Das Urteil steht im Einklang mit früheren Entscheidungen des EuGH und es betont die Kompetenz der Mitgliedstaaten im Bereich des Glücksspiels und Beobachter stellen fest dass dies die Position Deutschlands bei der Regulierung von Online-Angeboten festigt ohne dass spätere Legalisierungen rückwirkend Wirkung entfalten.

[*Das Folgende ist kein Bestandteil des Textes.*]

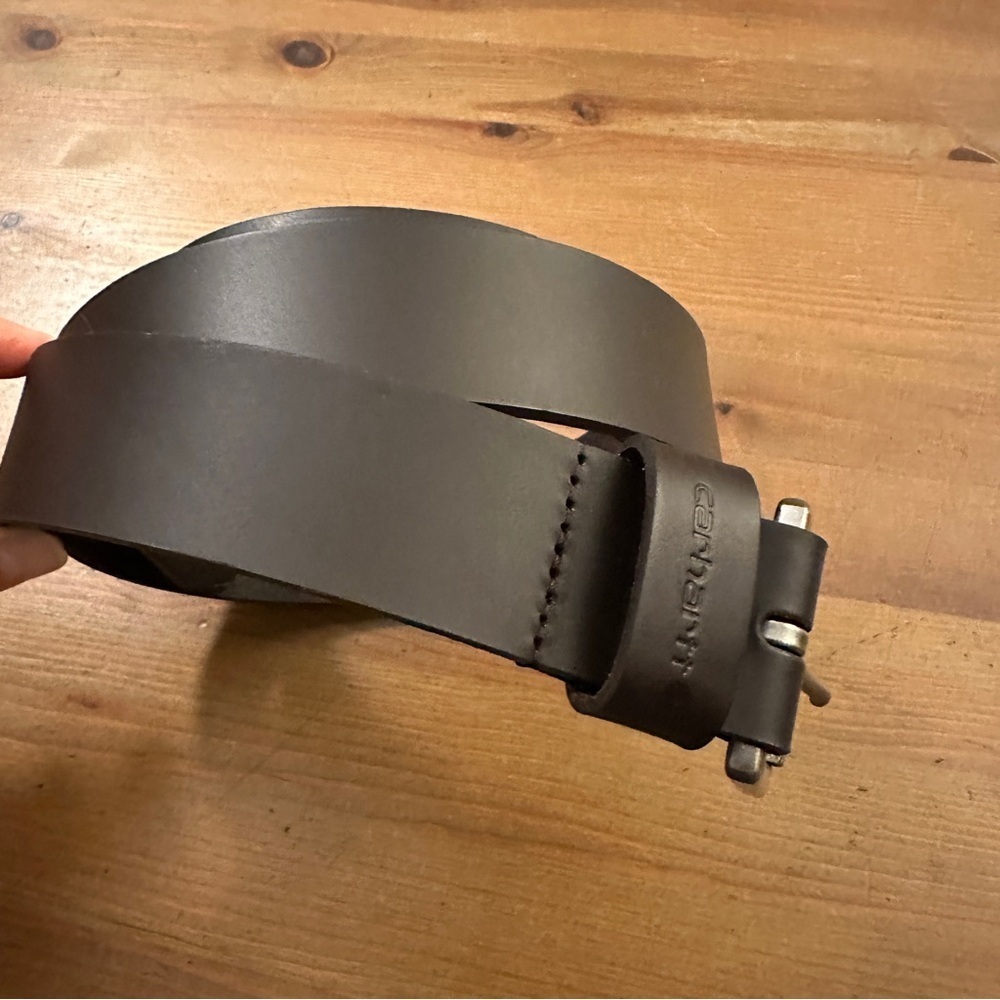 Carhartt Brown Leather Men's Belt size 38 NWT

Zusammenfassung und Ausblick
Das EuGH-Urteil in der Rechtssache C-440/23 schafft eine klare Rechtsgrundlage für die Rückforderung von Verlusten bei illegalen Online-Casino-Spielen in Deutschland und es stärkt den Verbraucherschutz indem es nationale Verbote bestätigt während Tausende Verfahren davon profitieren und weitere Entwicklungen in deutschen Gerichten werden zeigen wie sich die Praxis in den kommenden Monaten gestaltet. Das Urteil im Fall C-440/23 ist auf der Website des Europäischen Gerichtshofs einsehbar und bietet detaillierte Hintergründe zu den rechtlichen Erwägungen.